The entries below contain pictures, which are to be left out; write out exactly, and only, the lines from the line with "Glow-in-the-Dark Soft DIY" up to and including the line with "Salon avec papier".

§ **Listed entries**:
_ _ _ _ _

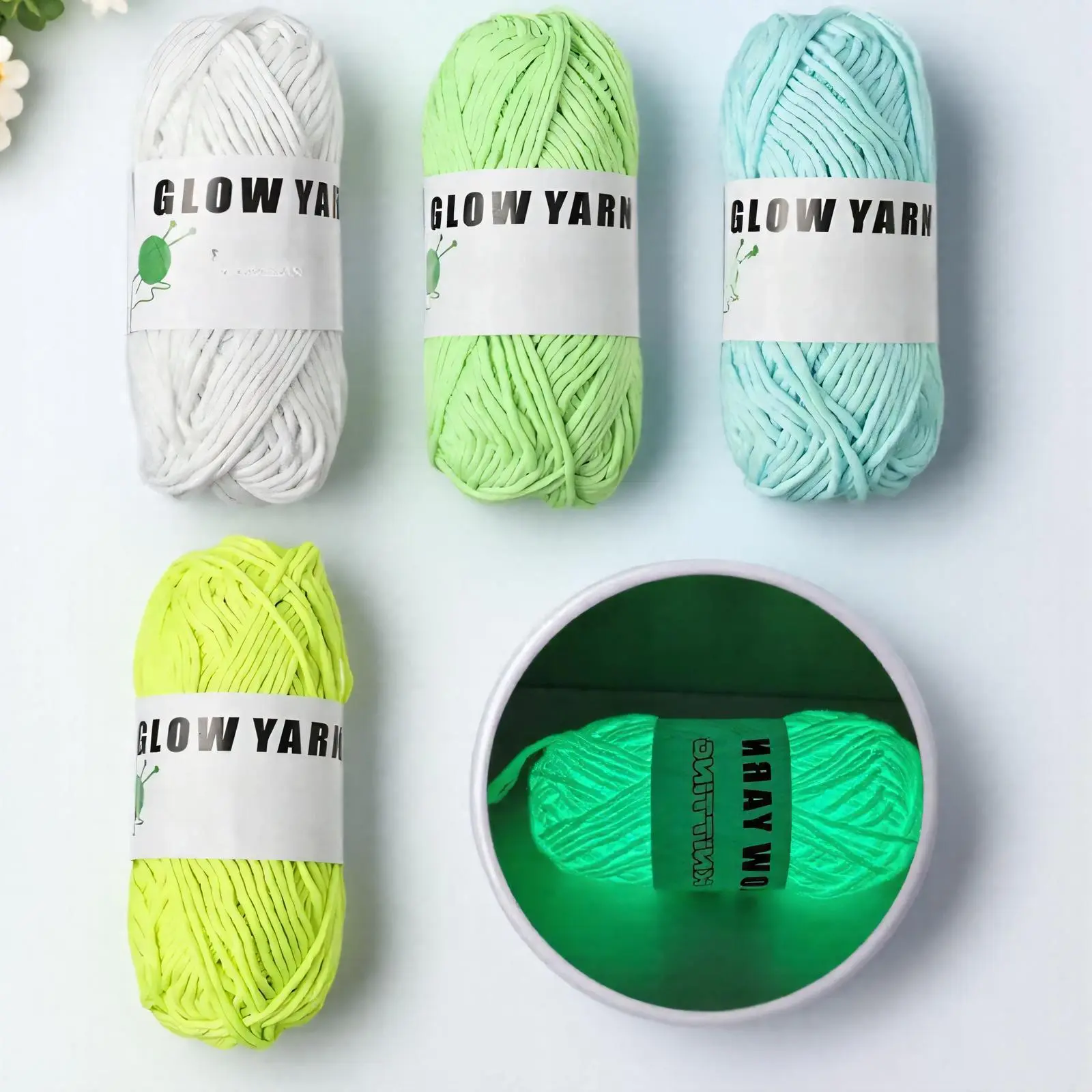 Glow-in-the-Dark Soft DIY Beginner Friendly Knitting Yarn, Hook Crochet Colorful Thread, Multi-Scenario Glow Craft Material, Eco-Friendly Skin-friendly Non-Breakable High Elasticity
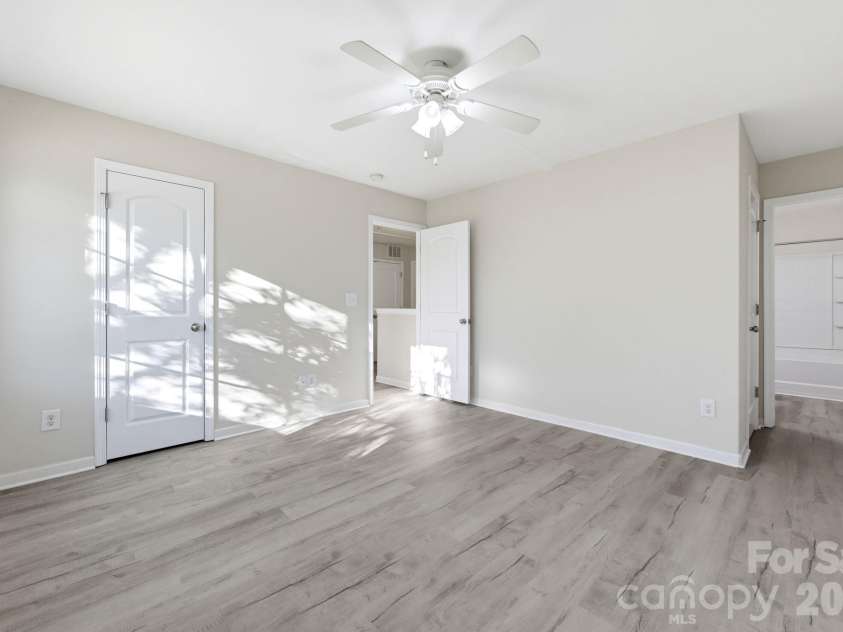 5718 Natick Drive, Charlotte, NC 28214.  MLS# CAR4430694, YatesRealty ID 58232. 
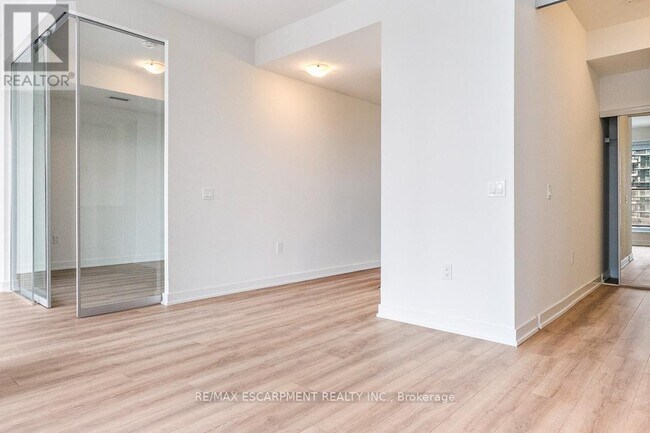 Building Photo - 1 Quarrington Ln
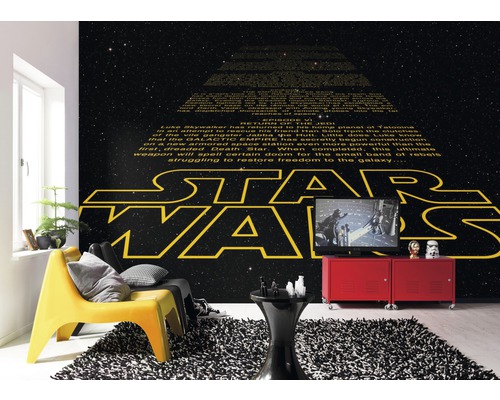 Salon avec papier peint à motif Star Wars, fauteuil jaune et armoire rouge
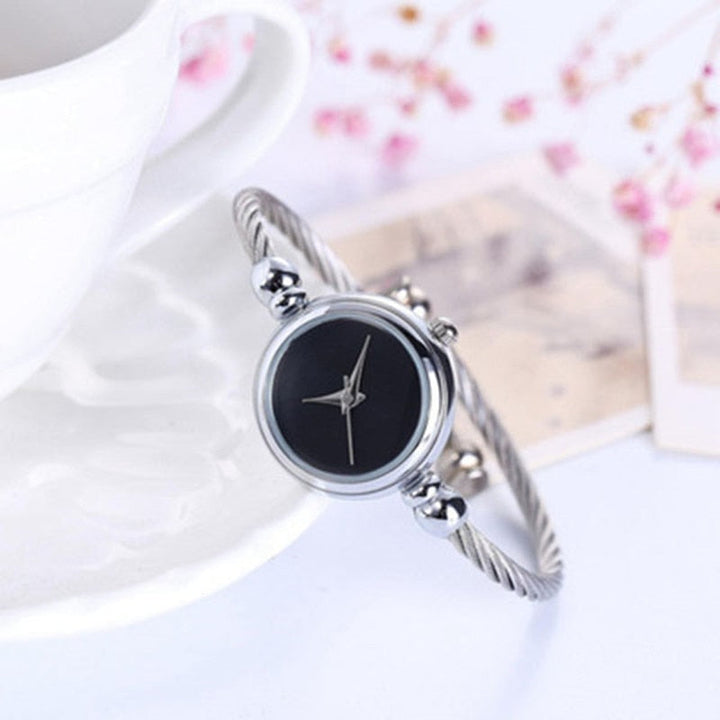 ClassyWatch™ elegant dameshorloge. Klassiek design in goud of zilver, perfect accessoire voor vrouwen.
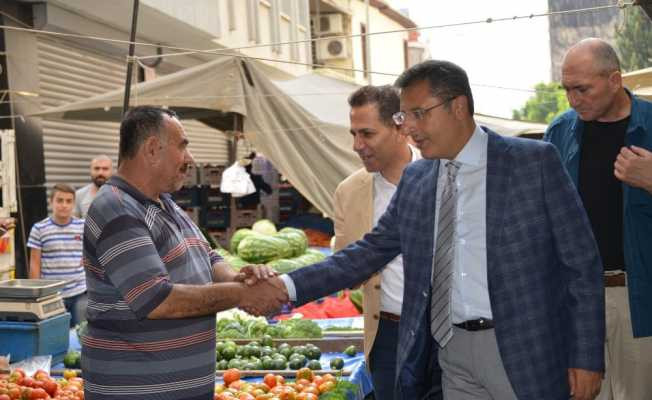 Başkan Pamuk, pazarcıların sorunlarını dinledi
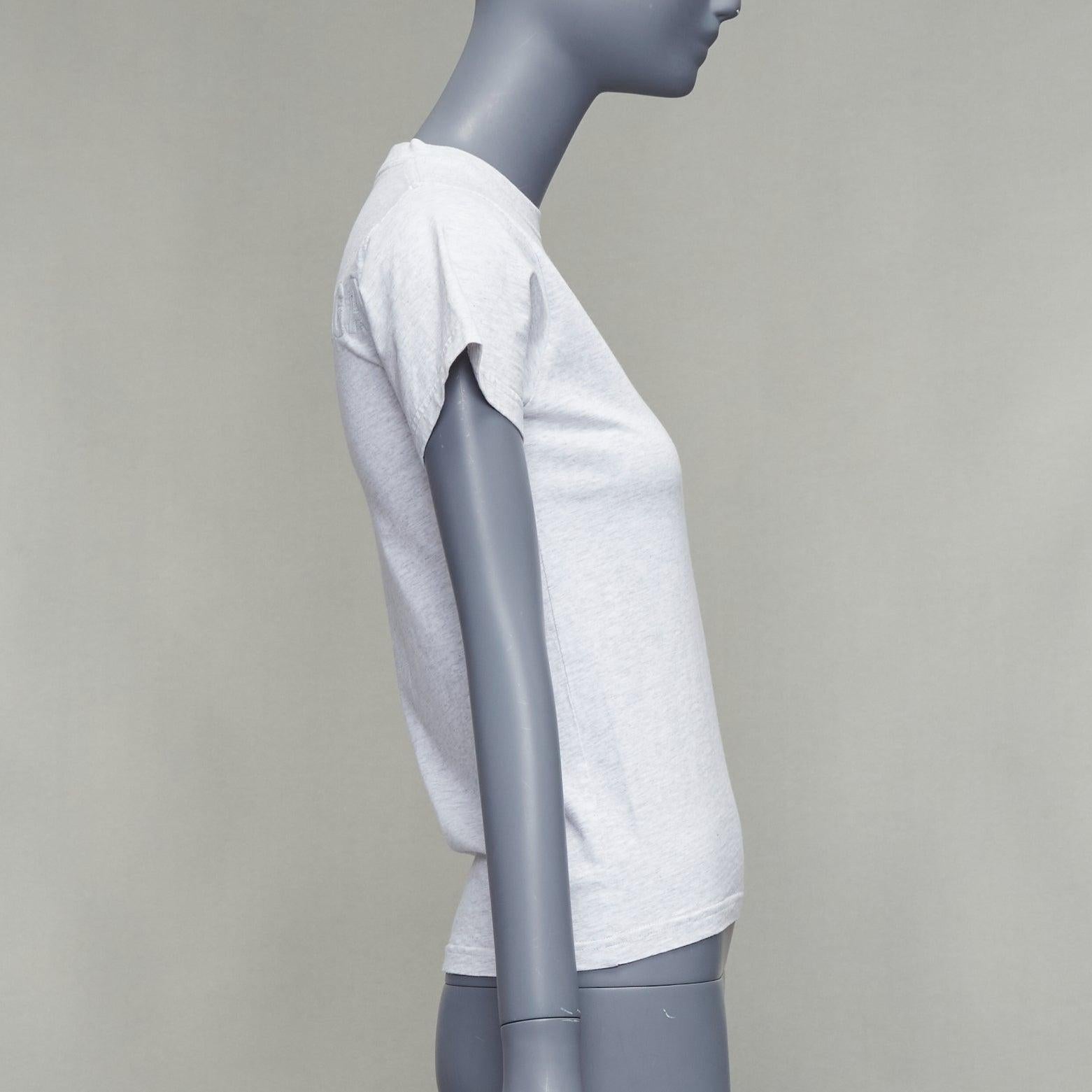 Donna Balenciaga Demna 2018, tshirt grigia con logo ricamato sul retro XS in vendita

_ _ _ _ _

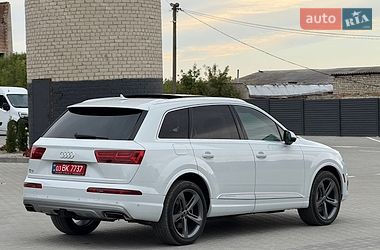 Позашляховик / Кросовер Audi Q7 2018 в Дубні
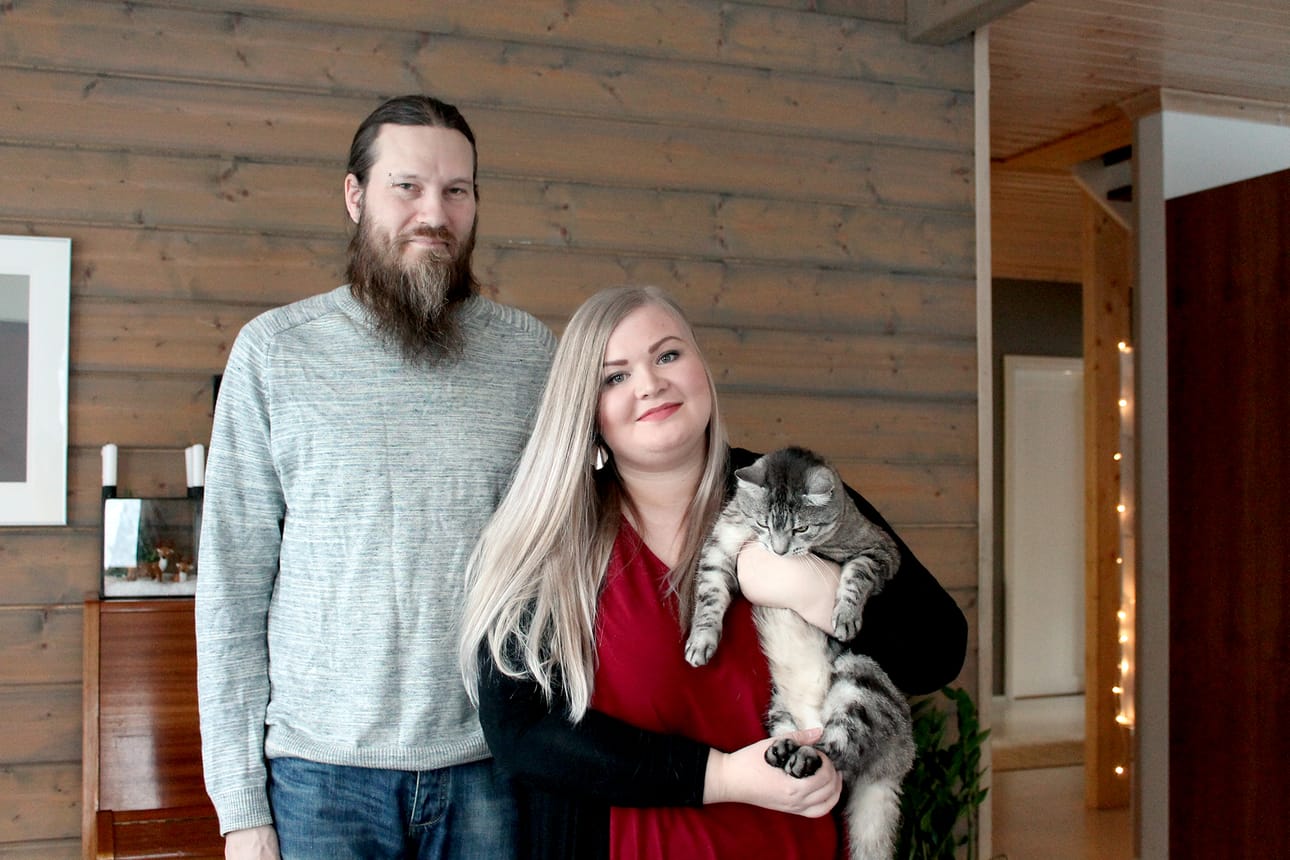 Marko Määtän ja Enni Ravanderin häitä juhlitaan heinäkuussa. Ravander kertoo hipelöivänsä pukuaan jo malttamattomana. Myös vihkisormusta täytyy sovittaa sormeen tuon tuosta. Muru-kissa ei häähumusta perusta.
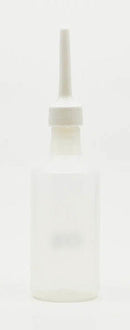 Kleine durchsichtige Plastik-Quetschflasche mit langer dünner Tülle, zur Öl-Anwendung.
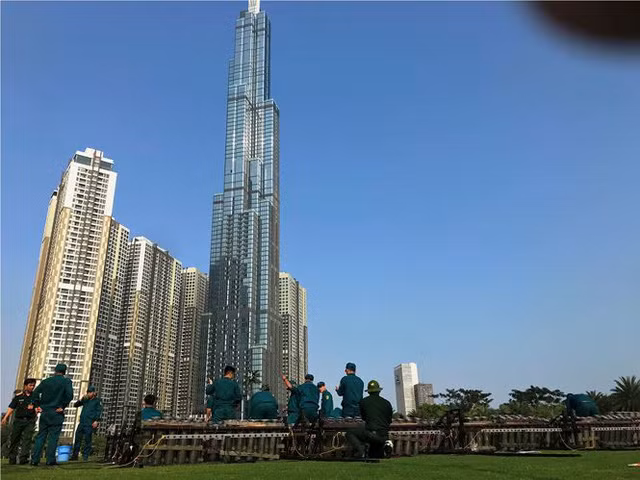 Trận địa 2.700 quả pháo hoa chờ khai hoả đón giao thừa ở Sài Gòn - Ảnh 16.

_ _ _ _ _

§ **Answer to this exercise**:
 Glow-in-the-Dark Soft DIY Beginner Friendly Knitting Yarn, Hook Crochet Colorful Thread, Multi-Scenario Glow Craft Material, Eco-Friendly Skin-friendly Non-Breakable High Elasticity
 5718 Natick Drive, Charlotte, NC 28214.  MLS# CAR4430694, YatesRealty ID 58232. 
 Building Photo - 1 Quarrington Ln
 Salon avec papier peint à motif Star Wars, fauteuil jaune et armoire rouge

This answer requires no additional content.